Qantas, Australia's largest airline, said last month it will fire 1,500 workers. Starbucks, the world's largest chain of coffee shops, said July 29 it will close three-quarters of its 84 Australian stores, part of a plan to cut 12,000 jobs globally.

Unemployment Rises

The jobless rate, which fell to a 34-year low of 3.9 percent in February, probably rose to 4.3 percent last month from 4.2 percent in June, according to the median estimate of 24 economists surveyed by Bloomberg. The government will publish the jobs report on Aug. 7.

Investors have increased bets the central bank will cut borrowing costs, according to a Credit Suisse Group index based on trading in interest-rate swaps.

Stevens will lower the benchmark rate by 91 basis points, or 0.91 percentage point, in the next 12 months, the index showed at 4:31 p.m. in Sydney. At the start of July, traders forecast 19 basis points of gains.

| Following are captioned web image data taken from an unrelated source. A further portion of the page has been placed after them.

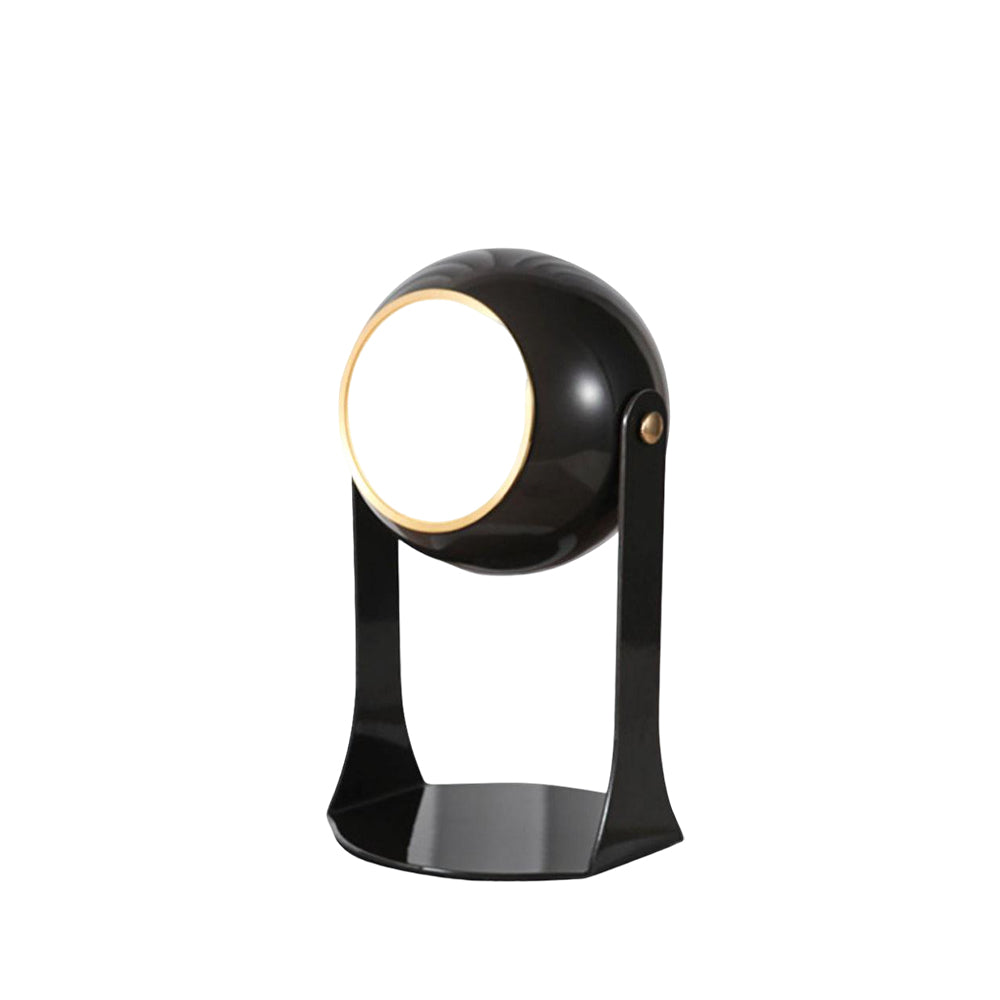 Svejk Table Lamp 5" by Tavilume - acrylic small table lamp, view 1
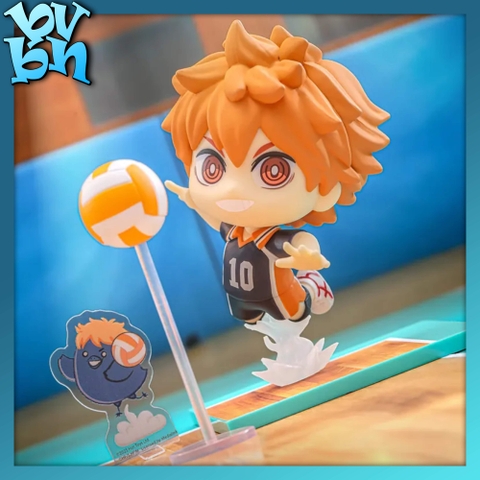 Haikyu!! Cosbi Collection Team All Series Blindbox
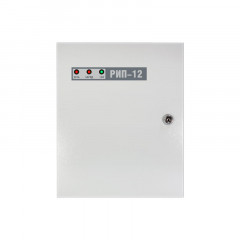 Болид РИП-12 (исп. 02) Резервированный источник питания (РИП-12-2/7М1) 12В/2А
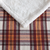 Eddie Bauer Edgewood Reversible Multicolor Plaid Throw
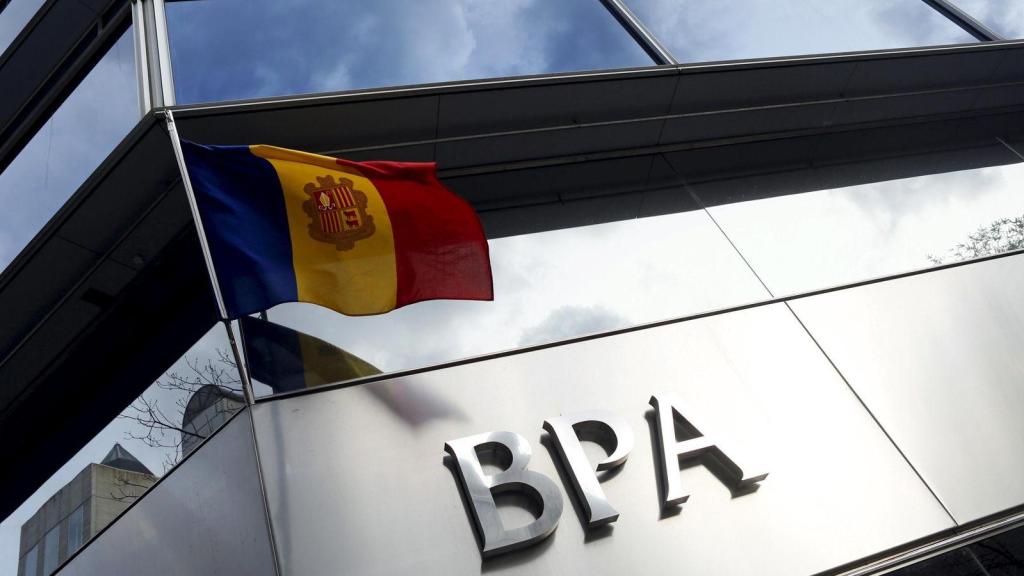 Antiga seu de la Banca Privada d'Andorra (BPA)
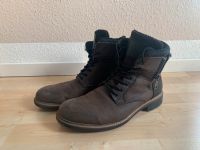 Herbstschuhe - Stiefel - Herrenboots - Leder - Größe 44 Bonn - Duisdorf Vorschau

Stevens may also cut the rate in to unwind the impact of higher mortgage costs on households.

The nation's five largest lenders, including Commonwealth Bank, have added an average 105 basis points to mortgage rates in 2008 as the global credit squeeze drove up funding costs. The central bank has added a total of 50 basis points in that time.

The increases have added A$250 ($231) to monthly payments on an average A$250,000 home loan, according to the Real Estate Institute. Households spent 38 percent of their incomes on mortgage payments in the March quarter, the most in the 22 years that the institute has measured affordability.

``The tightening in financial conditions, in conjunction with other factors, including rising fuel costs, and lower asset values, has restrained demand,'' Stevens said.

Today's decision was forecast by all 24 economists surveyed by Bloomberg News.